___ Data records ___

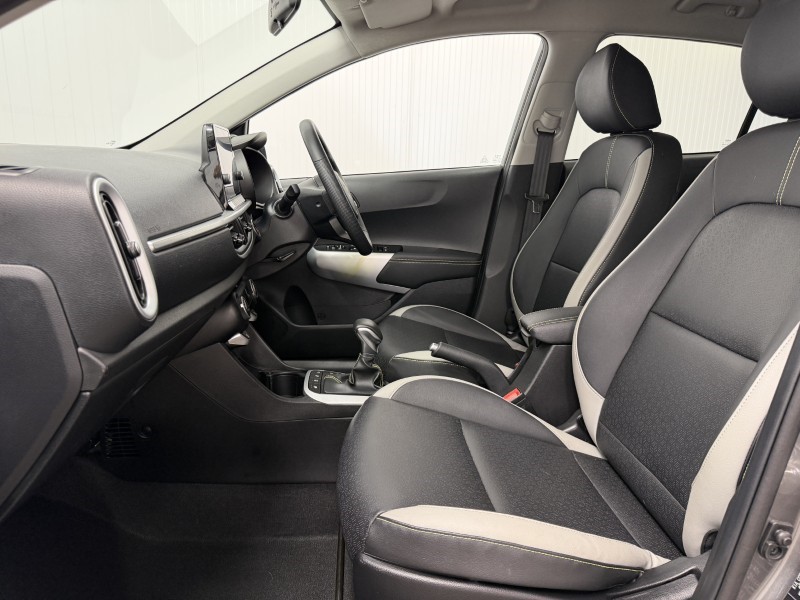 2024 (24) KIA PICANTO 1.0 X-Line S 5dr Auto 5594625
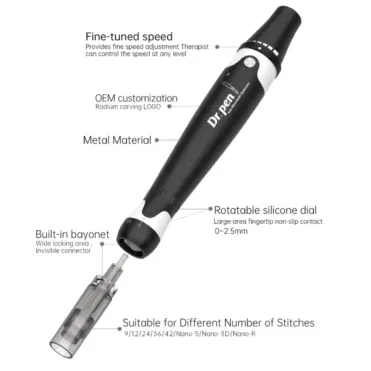 Original Dr. Pen Ultima A7 Microneedling Pen - Dr.pen Club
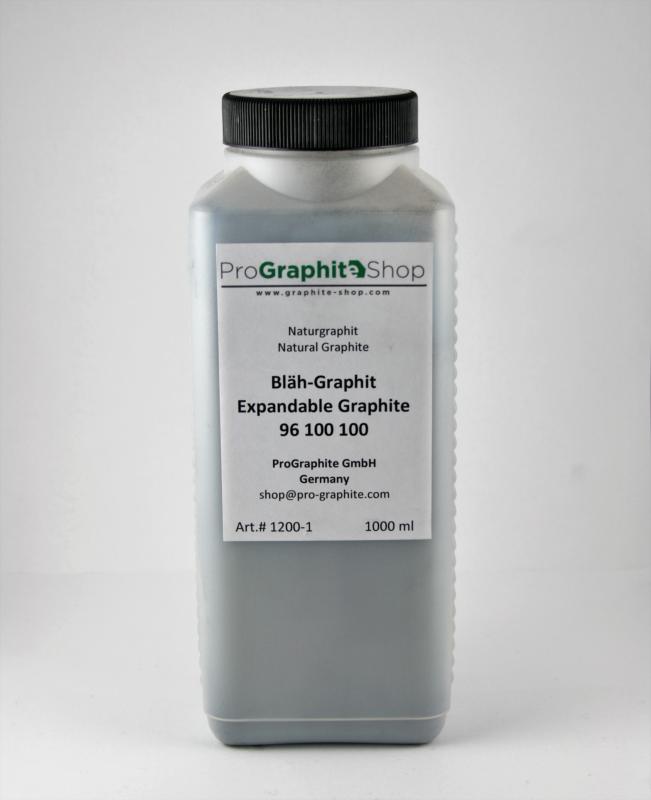 Expandable Graphite 96 100 100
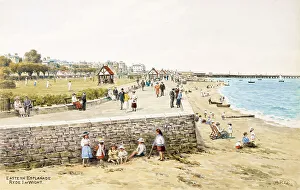 Eastern Esplanade, Ryde, Isle of Wight
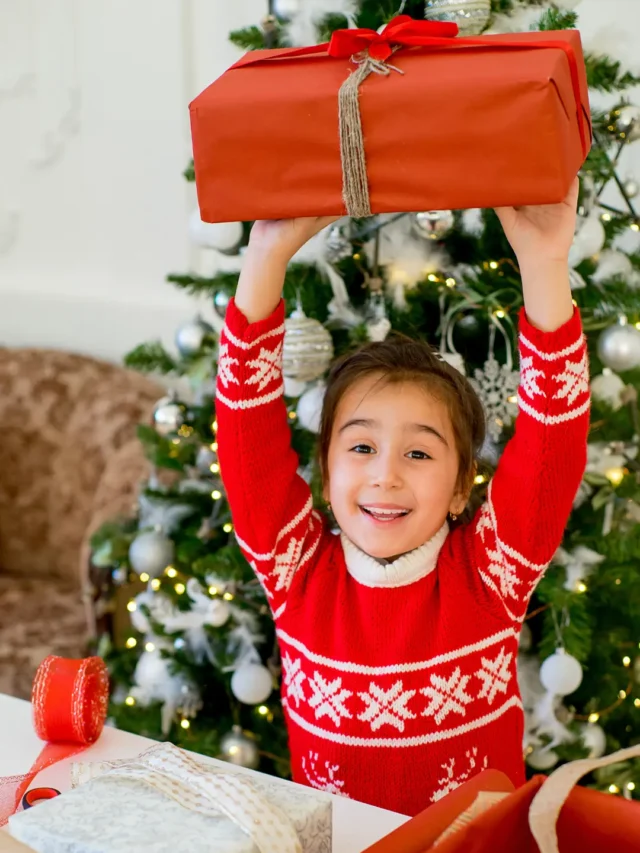 Joy Unwrapped: Discovering the Magic of Unique Christmas Gifts for Kids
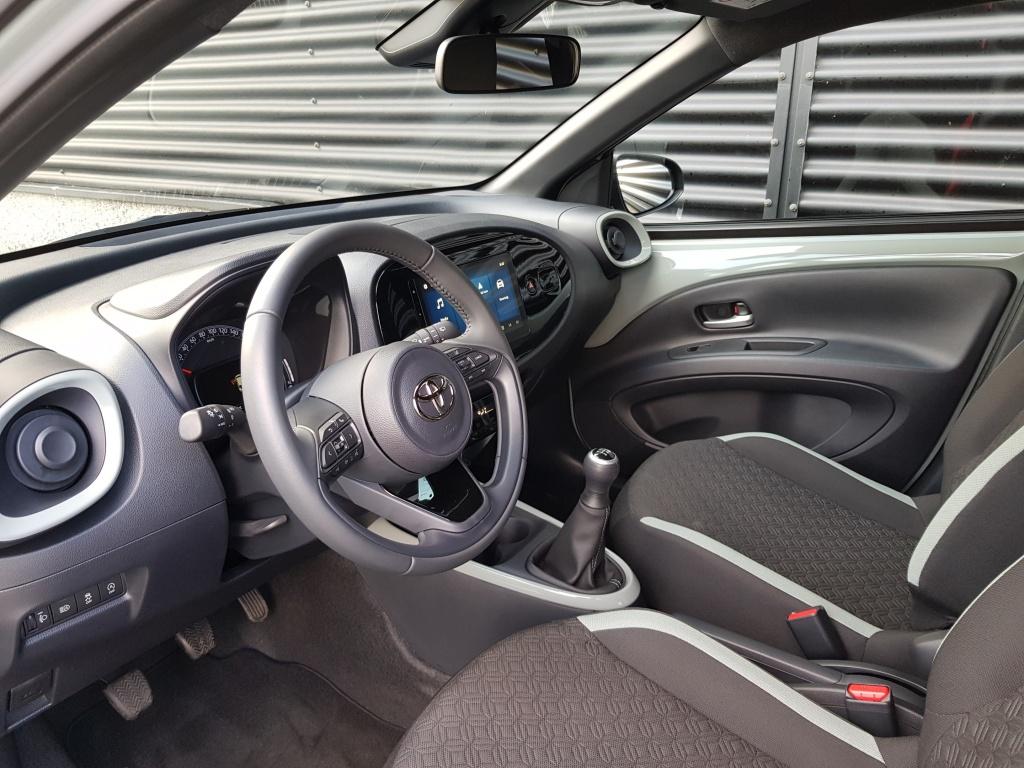 Toyota Aygo x 1.0 vvt-i pulse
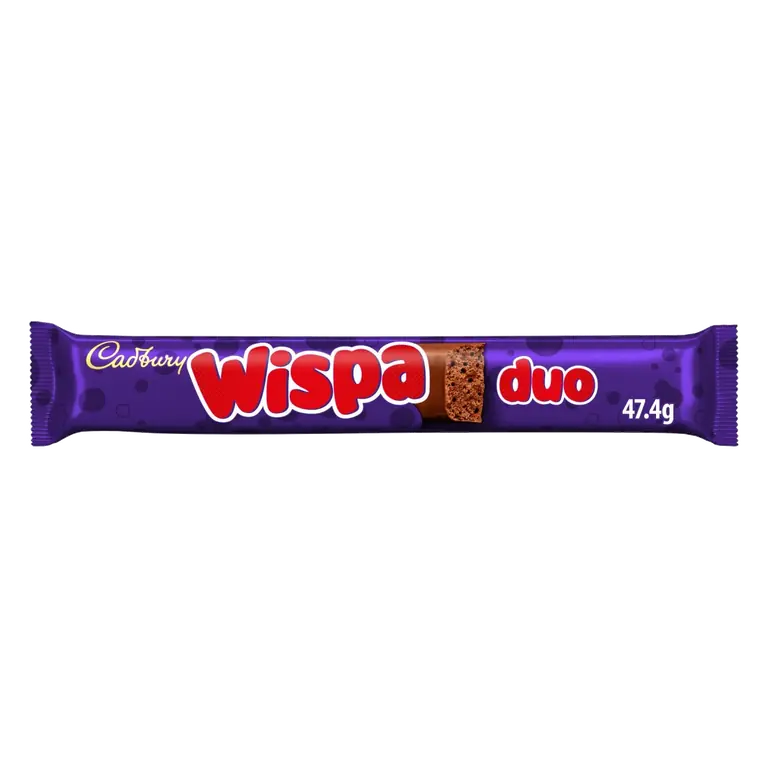 Wispa Duo Chocolate Bar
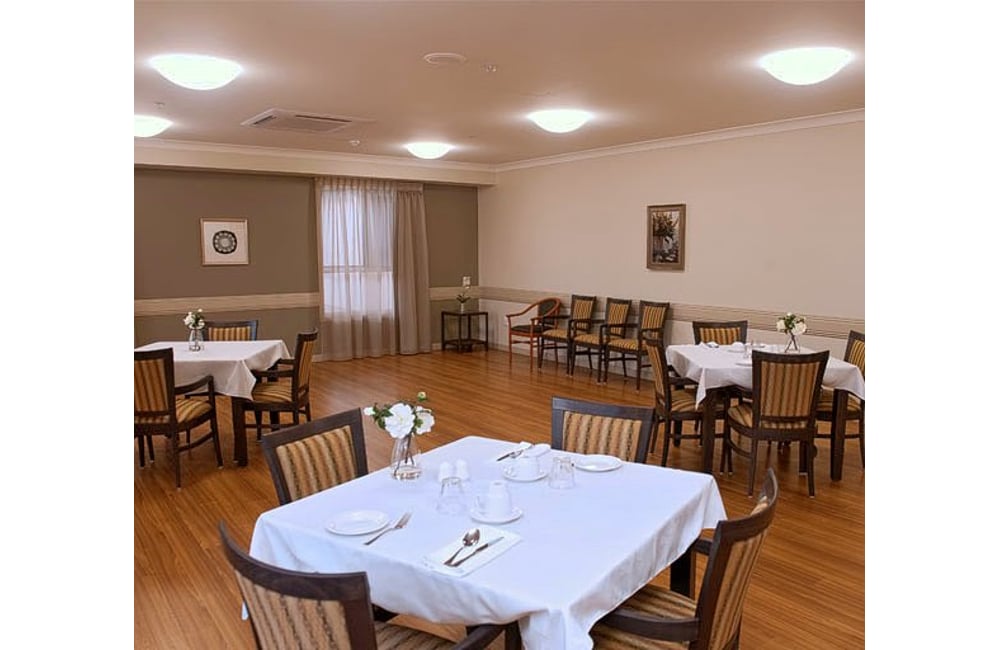 Bolton Clarke Milford Grange, Ipswich residential aged care, Eastern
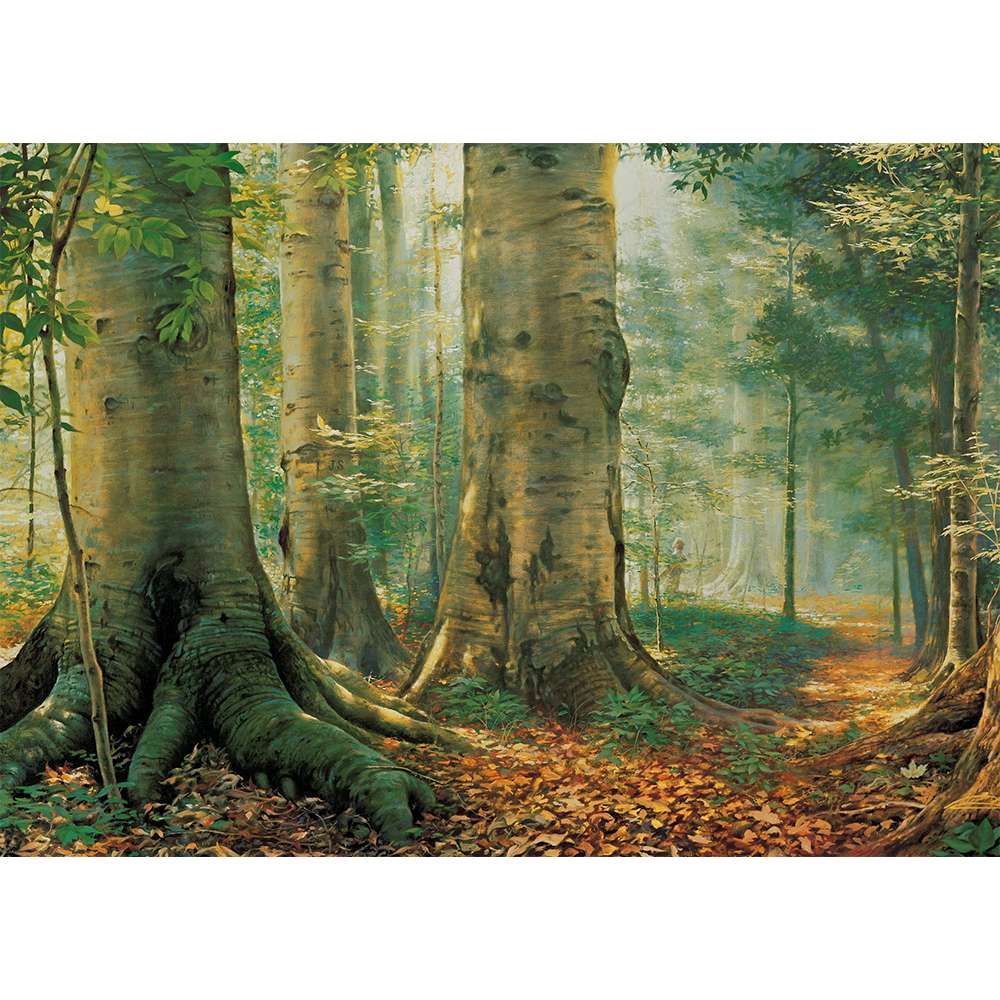 Sacred Grove Print, , large image number 0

___

Work required:
Every line from the start of the listing above through the line with "Toyota Aygo x 1.0 vvt-i pulse" should be repeated exactly; skip the pictures and add nothing else.

Solution:
 2024 (24) KIA PICANTO 1.0 X-Line S 5dr Auto 5594625
 Original Dr. Pen Ultima A7 Microneedling Pen - Dr.pen Club
 Expandable Graphite 96 100 100
 Eastern Esplanade, Ryde, Isle of Wight
 Joy Unwrapped: Discovering the Magic of Unique Christmas Gifts for Kids
 Toyota Aygo x 1.0 vvt-i pulse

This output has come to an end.